Me: “Judah, would you like to pray and ask God to use your tithe to help other people?”
Me: “Why not?”
Judah: “I’m not good at praying… because… I don’t pray.”
There it is. He doesn’t want to pray because he doesn’t perceive himself to be good at prayer because he doesn’t pray. I can’t fault the logic. How true is this of me and just about everyone else? Sure, prayer’s an easy target. Not many of us pray much if at all so we’re not good at it, and as a result we don’t like to do it. I just don’t know if I would have been able to put it so aptly in so little words.
But this is so true of life. I don’t want to ________ because I’m not good at it, and I’m not good at it because I don’t do it. Fill in the blank: exercise, run a marathon, build something, talk to my wife, handle my finances, hold any kind of difficult conversation, and of course pray. I admire people who can do any of these things, let alone those who do them well. I certainly don’t like to them because I’m terrible at all of them, and that is 100% because I don’t do them.

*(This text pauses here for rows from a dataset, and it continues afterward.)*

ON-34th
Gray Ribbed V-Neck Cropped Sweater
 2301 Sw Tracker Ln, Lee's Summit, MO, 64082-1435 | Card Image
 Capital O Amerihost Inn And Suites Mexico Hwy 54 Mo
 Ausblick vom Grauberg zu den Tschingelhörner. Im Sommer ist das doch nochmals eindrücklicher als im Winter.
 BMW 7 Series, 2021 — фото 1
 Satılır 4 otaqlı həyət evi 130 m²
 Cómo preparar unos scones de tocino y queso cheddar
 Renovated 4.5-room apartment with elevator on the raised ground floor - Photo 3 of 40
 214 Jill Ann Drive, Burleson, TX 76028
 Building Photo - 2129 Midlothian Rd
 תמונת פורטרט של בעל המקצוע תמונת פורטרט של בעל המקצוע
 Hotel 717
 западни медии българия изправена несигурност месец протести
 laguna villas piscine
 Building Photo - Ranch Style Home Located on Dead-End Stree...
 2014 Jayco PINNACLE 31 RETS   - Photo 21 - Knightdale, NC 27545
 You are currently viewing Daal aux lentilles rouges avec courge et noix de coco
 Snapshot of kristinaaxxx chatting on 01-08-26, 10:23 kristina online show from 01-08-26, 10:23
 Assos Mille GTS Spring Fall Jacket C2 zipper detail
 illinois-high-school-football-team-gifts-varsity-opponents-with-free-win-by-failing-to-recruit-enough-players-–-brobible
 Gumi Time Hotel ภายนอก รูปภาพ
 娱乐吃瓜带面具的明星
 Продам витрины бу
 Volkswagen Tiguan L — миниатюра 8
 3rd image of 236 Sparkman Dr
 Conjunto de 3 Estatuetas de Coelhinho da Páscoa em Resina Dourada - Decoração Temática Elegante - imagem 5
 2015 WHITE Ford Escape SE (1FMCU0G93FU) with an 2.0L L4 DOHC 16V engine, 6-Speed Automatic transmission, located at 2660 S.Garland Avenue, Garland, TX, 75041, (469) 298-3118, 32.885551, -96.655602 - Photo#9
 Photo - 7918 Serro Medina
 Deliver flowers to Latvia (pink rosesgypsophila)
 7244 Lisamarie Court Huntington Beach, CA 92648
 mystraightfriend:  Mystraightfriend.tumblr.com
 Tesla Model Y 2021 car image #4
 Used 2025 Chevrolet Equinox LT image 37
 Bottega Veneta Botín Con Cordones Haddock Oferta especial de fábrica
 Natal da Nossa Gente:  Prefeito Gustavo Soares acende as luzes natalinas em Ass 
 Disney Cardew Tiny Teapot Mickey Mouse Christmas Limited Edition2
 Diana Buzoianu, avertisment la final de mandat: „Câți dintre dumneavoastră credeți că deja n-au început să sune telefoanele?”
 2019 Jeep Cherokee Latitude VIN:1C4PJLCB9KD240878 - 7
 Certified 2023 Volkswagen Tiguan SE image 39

Doing things I don’t do well, especially when the stakes are higher than I’d like, just plain sucks. I hate it. I hate failing or not doing well. Well, to be a little too honest, I hate the feeling that I will be rejected as a result of my failure. And, so, well, I just don’t do them. Can you relate at all? I hope not, but I fear many can. So, I need God in a big way, but haven’t been in contact much to have that connection. Money not managed, well, I think we all know what happens there. And it doesn’t take much imagination to figure out the state of a marriage in which the husband isn’t communicating with his wife.
So, I’m praying. I figure I’d start with the One most likely to understand and welcome me back. Plus, I need a pretty strong Ally in my corner to help me with the other neglected parts of my life.
Hopefully, what you aren’t doing isn’t as serious as this, but I think we can all relate to feeling like we can’t do something we should do on the basis of just not doing it.